(Extracted records)
________________________________________

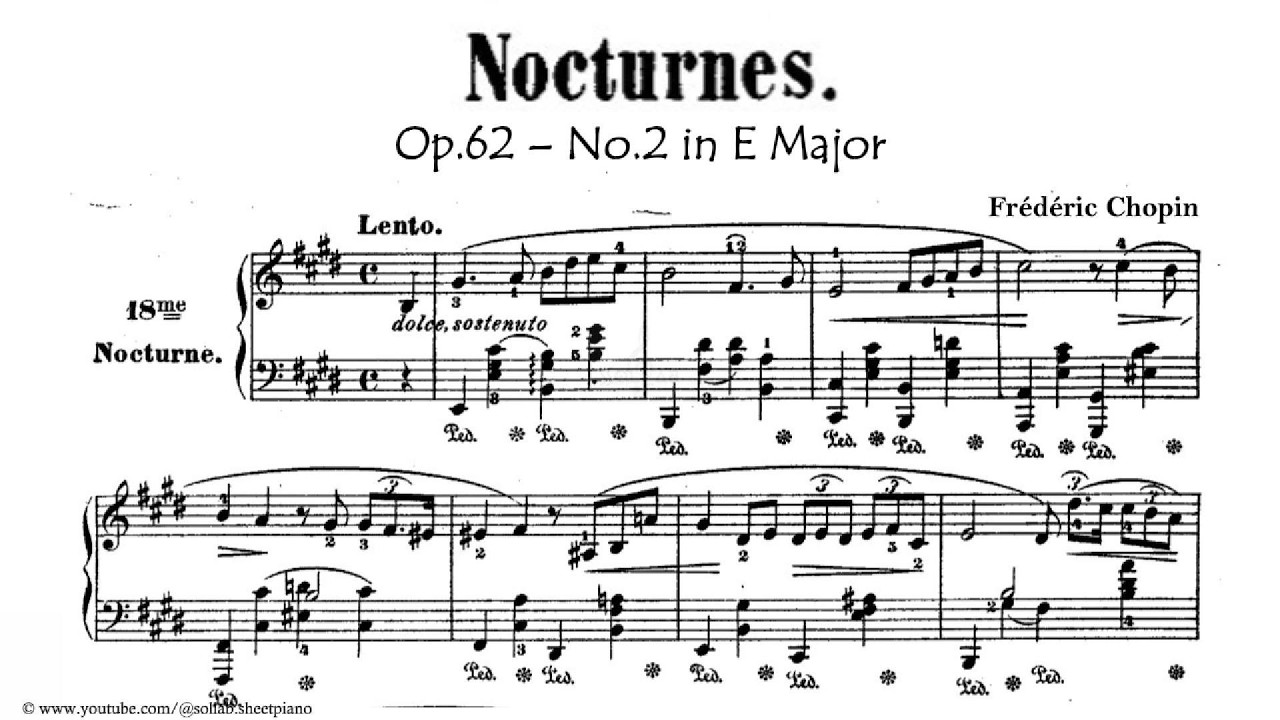 Frédéric Chopin – Nocturne Op. 62 No. 2 Nocturne in E major | Piano Sheet Music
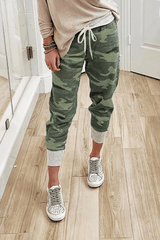 Green Camo Print Knit Sport Pants - Shah S. Sahota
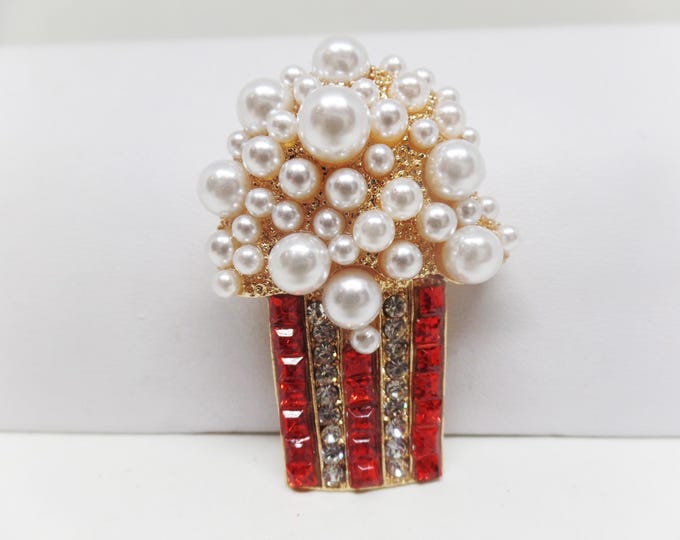 Featured listing image: Adorable Pearl & Crystal Retro Movie Popcorn Brooch Pin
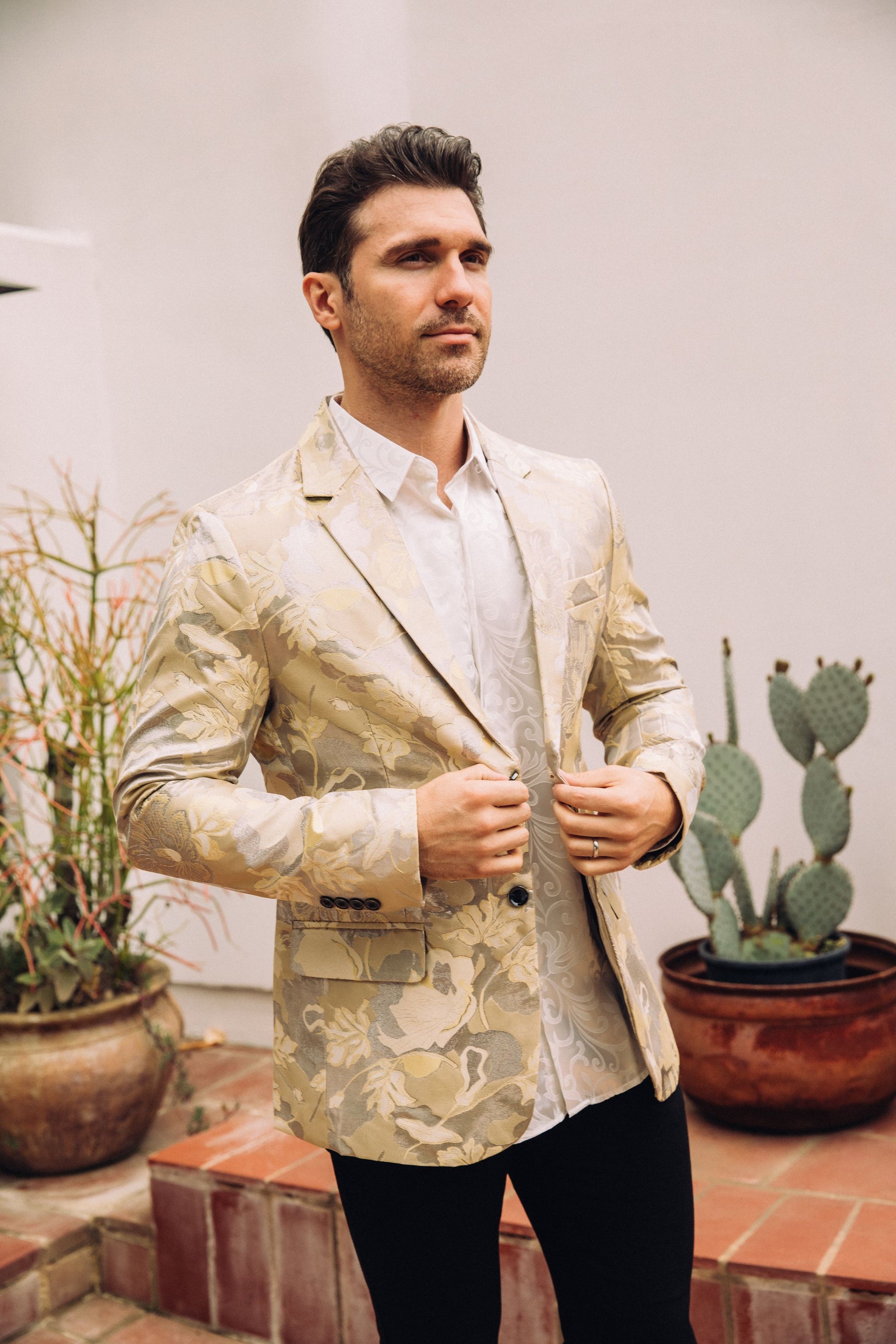 beige double button floral print blazer men platini front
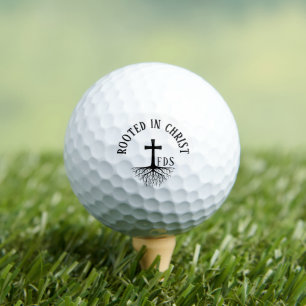 Balles De Golf Racine dans Christ Cross Monogramme chrétien Noir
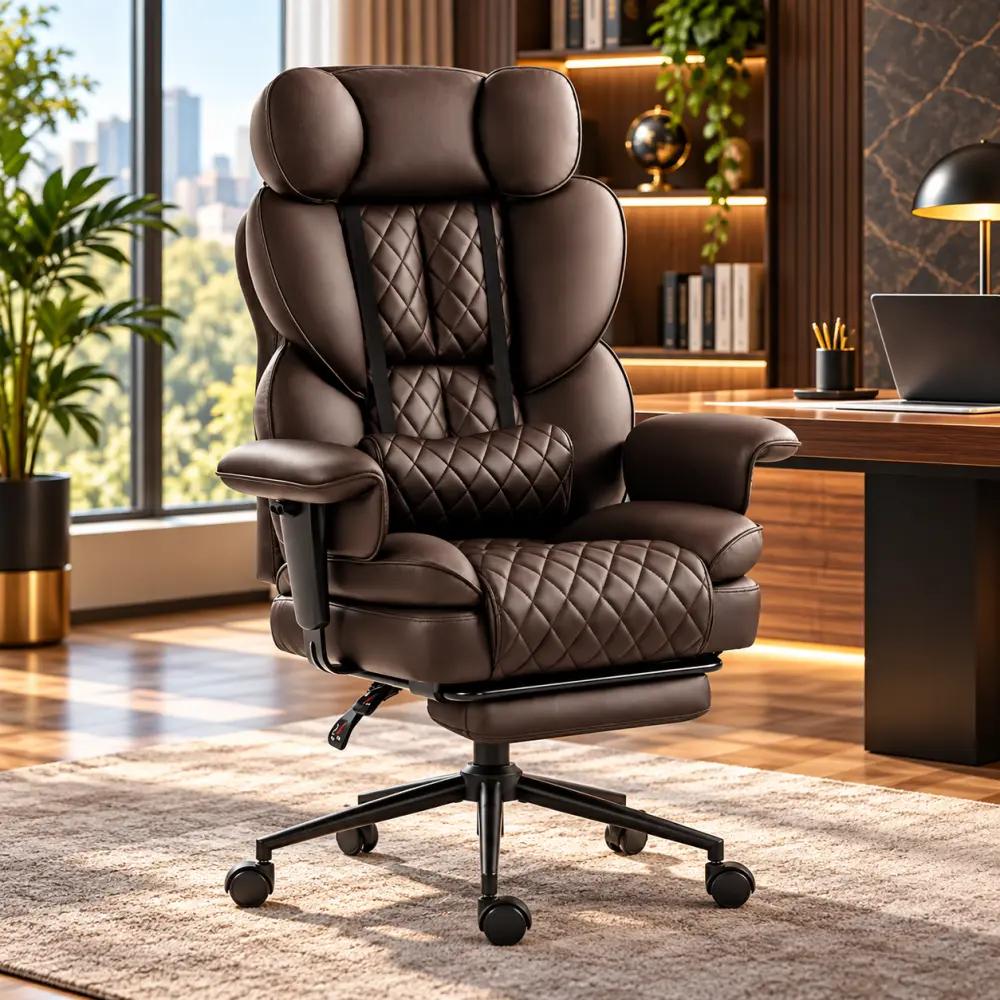 Luxusní ergonomické kancelářské křeslo HC-1037 s podnožkou – hnědá ekokůže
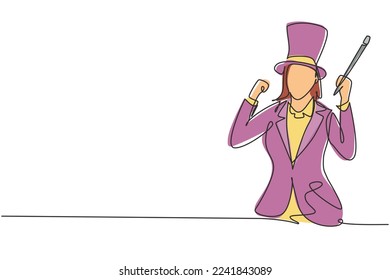 Single continuous line drawing female magician with celebrate gesture wearing hat and holding magic stick ready to entertain audience at television. One line draw graphic design vector illustration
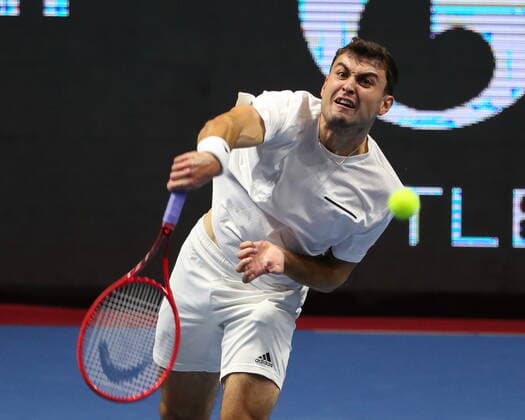 Russian Federation. Saint-Petersburg. SIBUR Arena. International tennis tournament ATP, Tennis Herren St. Petersburg Open By 2020. ATP500. Tennis. Match on October 15, 2020. Match Karen Khachanov - Aslan Karatsev. Tennis Player Aslan Karatsev. MaksimxKonstantinov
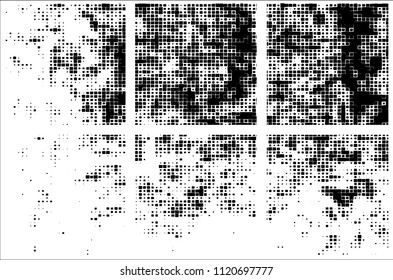 Set of grunge textures black squares on white background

________________________________________

> [Exercise directions]: Could you repeat, exactly and with nothing added, the lines from the top of the entries above through the line that holds "Single continuous line", leaving out any pictures?

> [Finished task]:
 Frédéric Chopin – Nocturne Op. 62 No. 2 Nocturne in E major | Piano Sheet Music
 Green Camo Print Knit Sport Pants - Shah S. Sahota
 Featured listing image: Adorable Pearl & Crystal Retro Movie Popcorn Brooch Pin
 beige double button floral print blazer men platini front
 Balles De Golf Racine dans Christ Cross Monogramme chrétien Noir
 Luxusní ergonomické kancelářské křeslo HC-1037 s podnožkou – hnědá ekokůže
 Single continuous line drawing female magician with celebrate gesture wearing hat and holding magic stick ready to entertain audience at television. One line draw graphic design vector illustration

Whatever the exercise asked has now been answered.